AUD/JPY rose for a second session, trading near 110.10 in Asian hours on Wednesday. The Australian Dollar strengthened after higher-than-expected inflation data increased expectations of further Reserve Bank of Australia (RBA) rate rises this year.
Australia’s Consumer Price Index rose 3.8% year-on-year in January, matching the prior reading and above the 3.7% forecast. CPI increased 0.4% month-on-month, down from 1.0% previously, while the RBA’s Trimmed Mean CPI rose 0.3% month-on-month and 3.4% year-on-year.
Rba Governor Bullock Speech Watch
Traders are set to watch RBA Governor Michele Bullock, who is due to speak at a fireside chat at the Melbourne University Faculty of Economics & Business Foundation Dinner. The event is scheduled to take place in Melbourne, Australia.

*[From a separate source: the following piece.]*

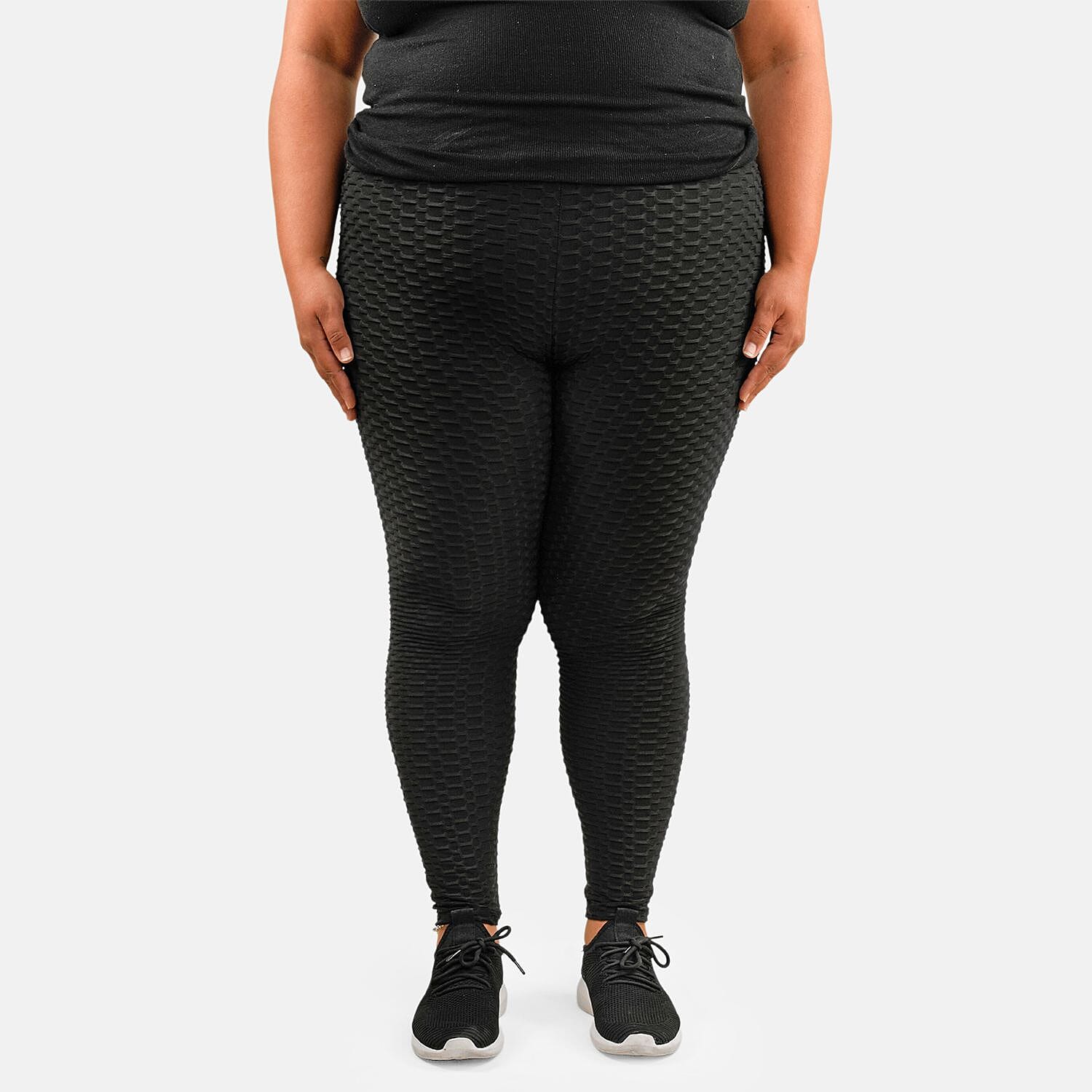NEL + LO Black Tik Tok Viral Honeycomb Cellulite Coverage Scrunch Leggings - 1X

The pair also gained as the Japanese Yen fell after Mainichi Shimbun reported that Prime Minister Sanae Takaichi raised concerns about further rate rises in a meeting last week with Bank of Japan Governor Kazuo Ueda. Ueda said the meeting covered broad economic and financial topics and that no specific monetary policy requests were made.
Takaichi is associated with pro-stimulus policy preferences, including expansionary fiscal measures and accommodative monetary settings. The report added uncertainty around the outlook for Bank of Japan rate increases amid speculation of policy normalisation later this year.
We remember this time last year, in early 2025, when unexpectedly strong Australian inflation data was pushing the AUD/JPY cross towards the 110.10 level. This was driven by the market expecting more interest rate hikes from the Reserve Bank of Australia. The simultaneous weakness in the Yen, fueled by political pressure for continued stimulus, created a strong upward trend for the pair.
Changed Macro Backdrop
One year later, the environment has changed significantly. Australian inflation has cooled, with the latest data for January 2026 showing the annual CPI rate has fallen to 2.9%, which is now back within the RBA’s target band. Consequently, the market is no longer pricing in RBA hikes and has instead shifted to forecasting a potential rate cut later this year.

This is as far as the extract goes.